• WORK ORDER
In the copy, include no pictures, but reproduce every record exactly.

• SUPPLIED RECORDS
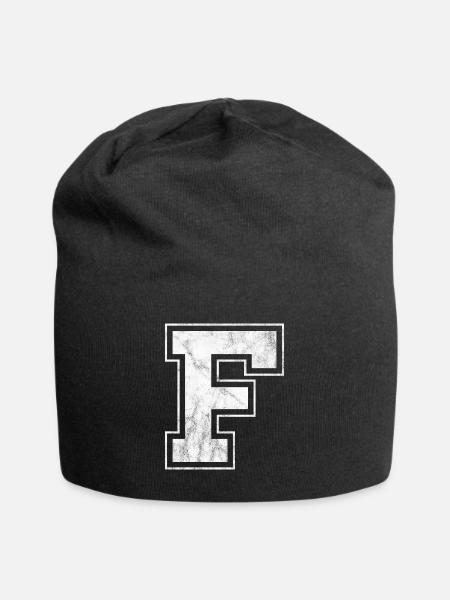 Buchstabe F - Jersey-Beanie - Schwarz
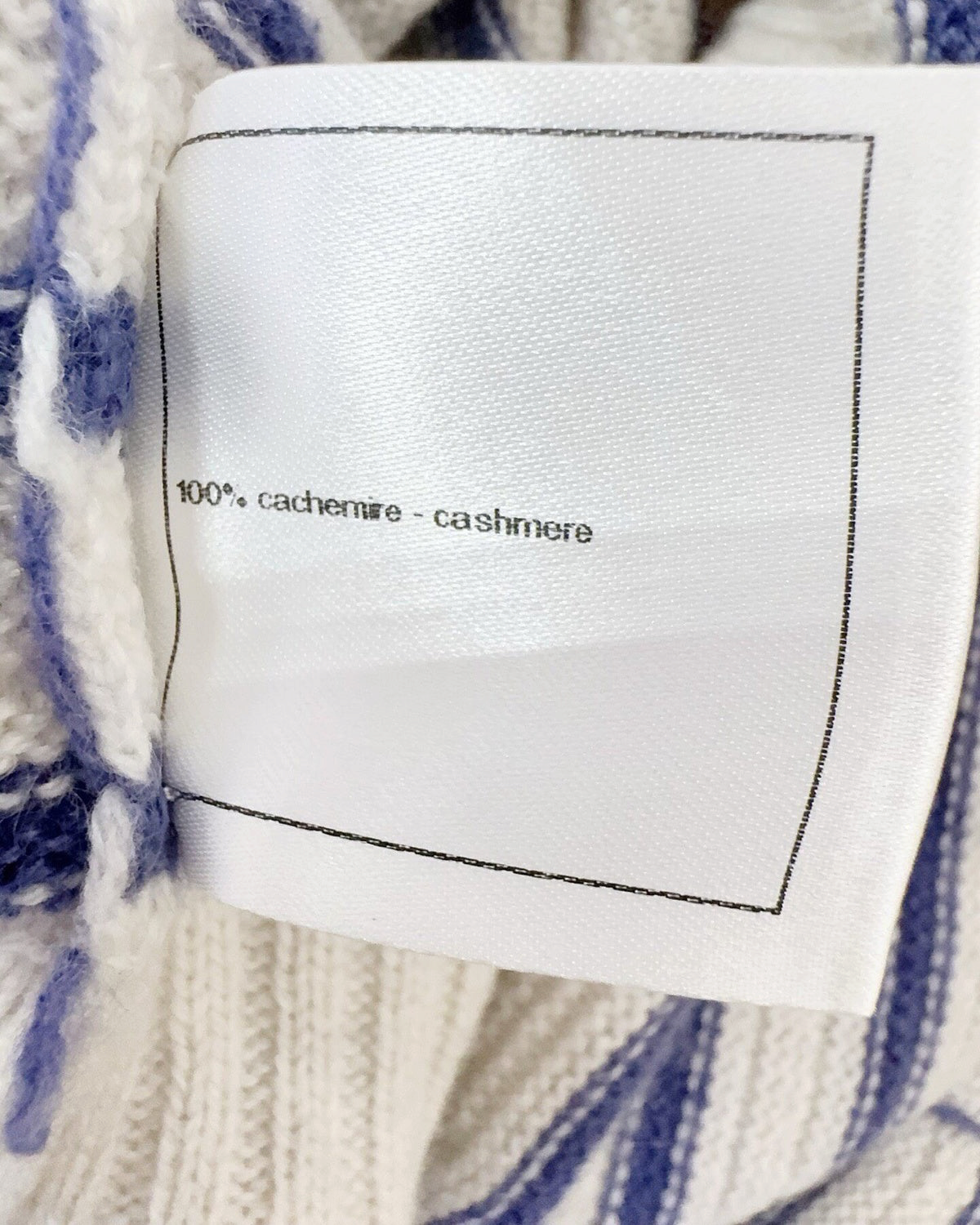 Chanel 15S Cashmere Striped Mid-Length Dress Beige/Ecru, Navy FR 38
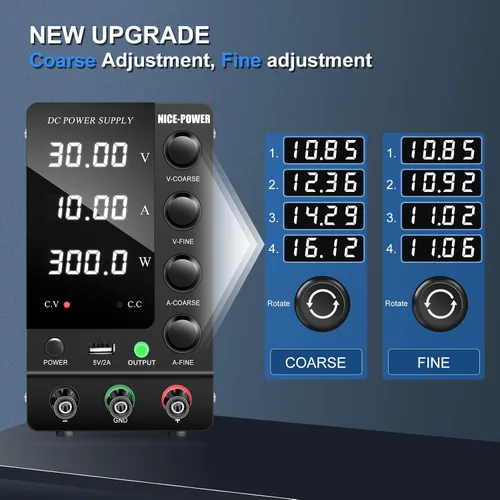 Vista 8 de NICE-POWER Fuente de alimentación CC variable 30V 10A, fuente de alimentación de banco de CC regulada de conmutación ajustable con interruptor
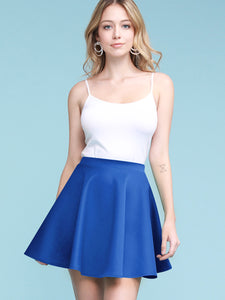 WB211 Women's Basic Versatile Stretchy Flared Casual Mini Skater Skirt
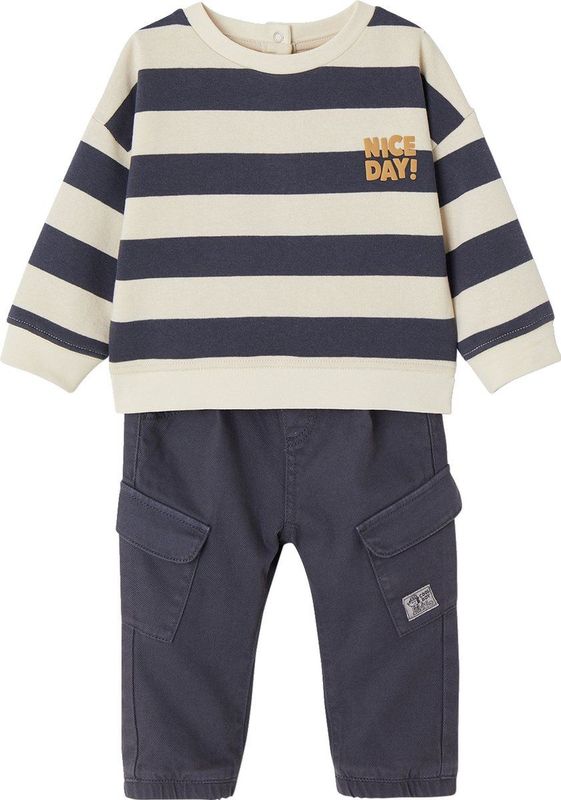 Vertbaudet Set gestreepte sweater + battlebroek babyjongen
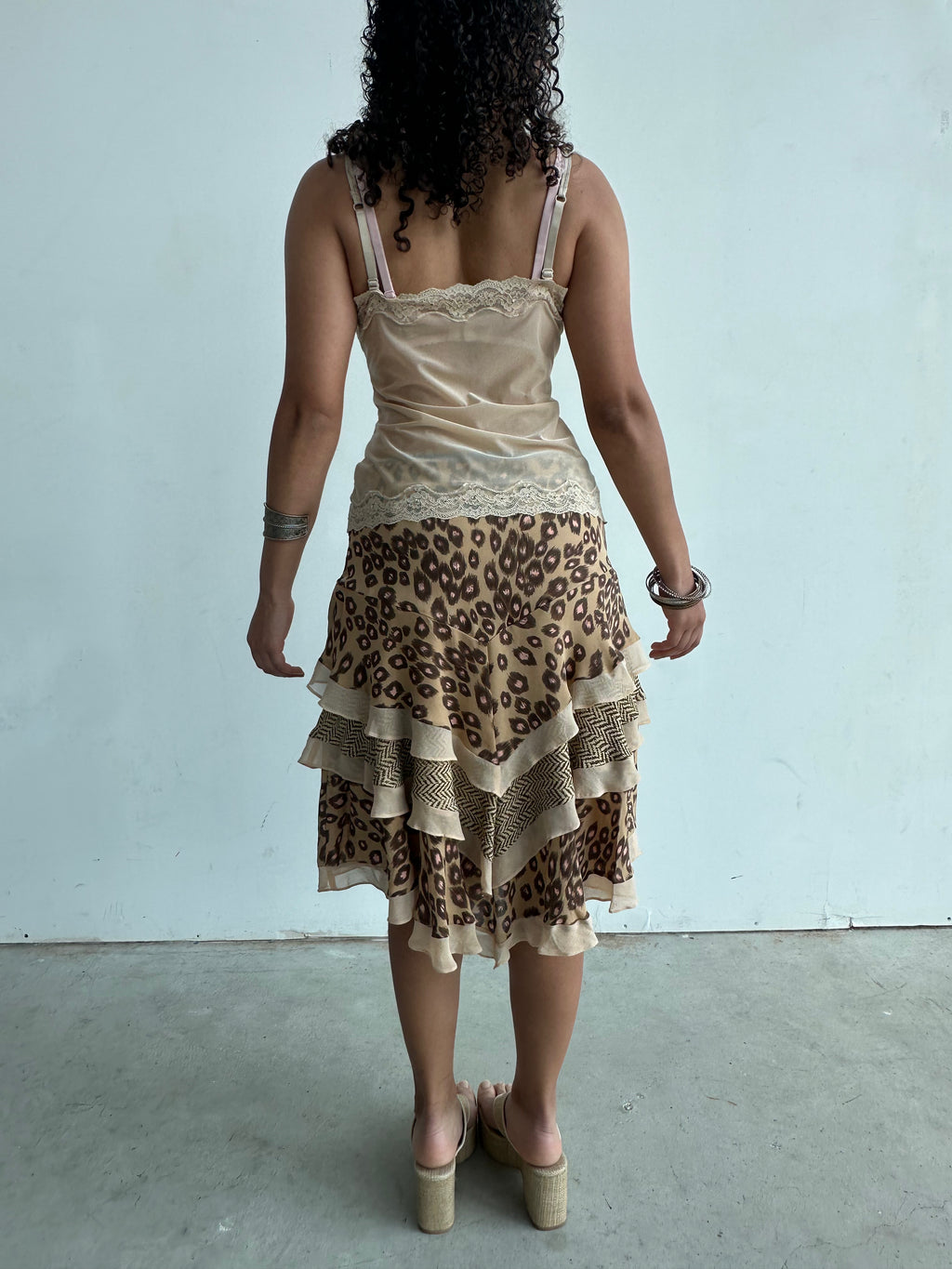 Silk asymmetrical animal print skirt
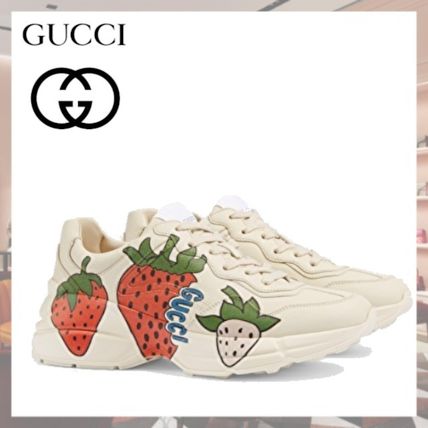 GUCCI 2020 SS WomenS Rhyton Sneaker With Gucci Strawberry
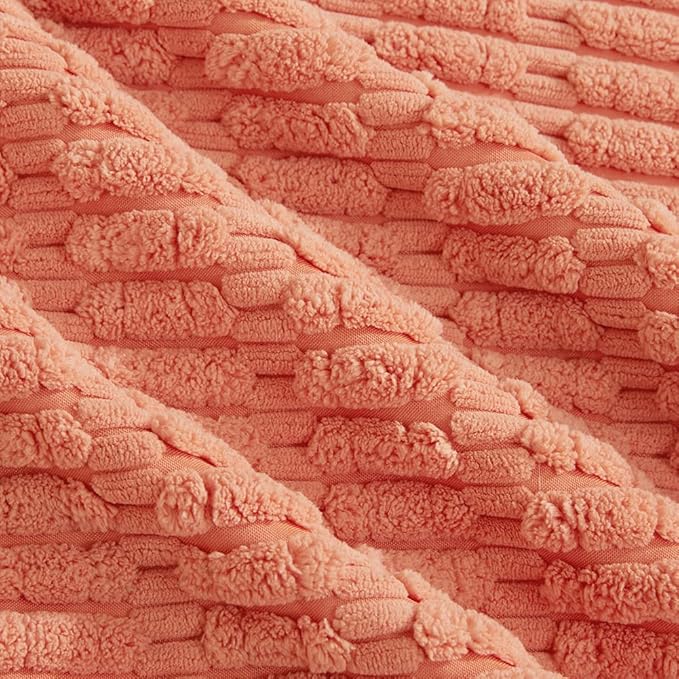 Fancy Homi 2 Packs Coral Decorative Throw Pillow Covers 20x20 Inch for Living Room Couch Bed Sofa, Soft Corduroy Square Cushion Case 50x50 cm, Rustic Modern Farmhouse Boho Home Decor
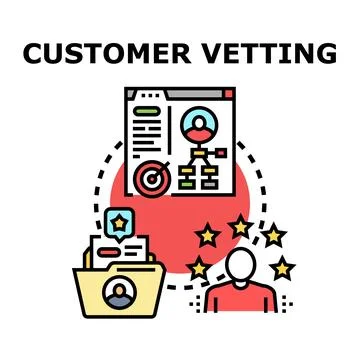 Customer vetting process identifying ideal client profile Stock Illustration
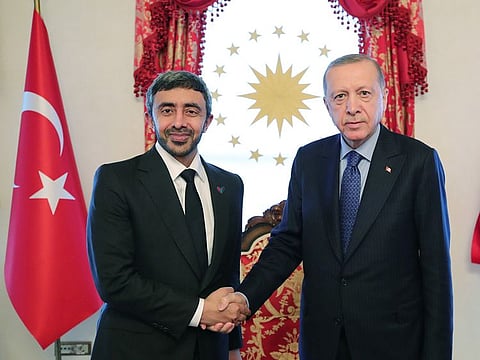 Sheikh Abdullah bin Zayed Al Nahyan (L), Minister of Foreign Affairs and International Cooperation with President of Turkey Recep Tayyip Erdoğan in Istanbul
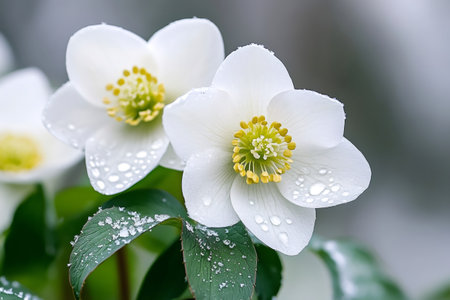 White christmas rose flowers blooming in winter with snow and water drops on petals and leavesの素材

• WRITTEN REPLY
 Buchstabe F - Jersey-Beanie - Schwarz
 Chanel 15S Cashmere Striped Mid-Length Dress Beige/Ecru, Navy FR 38
 Vista 8 de NICE-POWER Fuente de alimentación CC variable 30V 10A, fuente de alimentación de banco de CC regulada de conmutación ajustable con interruptor
 WB211 Women's Basic Versatile Stretchy Flared Casual Mini Skater Skirt
 Vertbaudet Set gestreepte sweater + battlebroek babyjongen
 Silk asymmetrical animal print skirt
 GUCCI 2020 SS WomenS Rhyton Sneaker With Gucci Strawberry
 Fancy Homi 2 Packs Coral Decorative Throw Pillow Covers 20x20 Inch for Living Room Couch Bed Sofa, Soft Corduroy Square Cushion Case 50x50 cm, Rustic Modern Farmhouse Boho Home Decor
 Customer vetting process identifying ideal client profile Stock Illustration
 Sheikh Abdullah bin Zayed Al Nahyan (L), Minister of Foreign Affairs and International Cooperation with President of Turkey Recep Tayyip Erdoğan in Istanbul
 White christmas rose flowers blooming in winter with snow and water drops on petals and leavesの素材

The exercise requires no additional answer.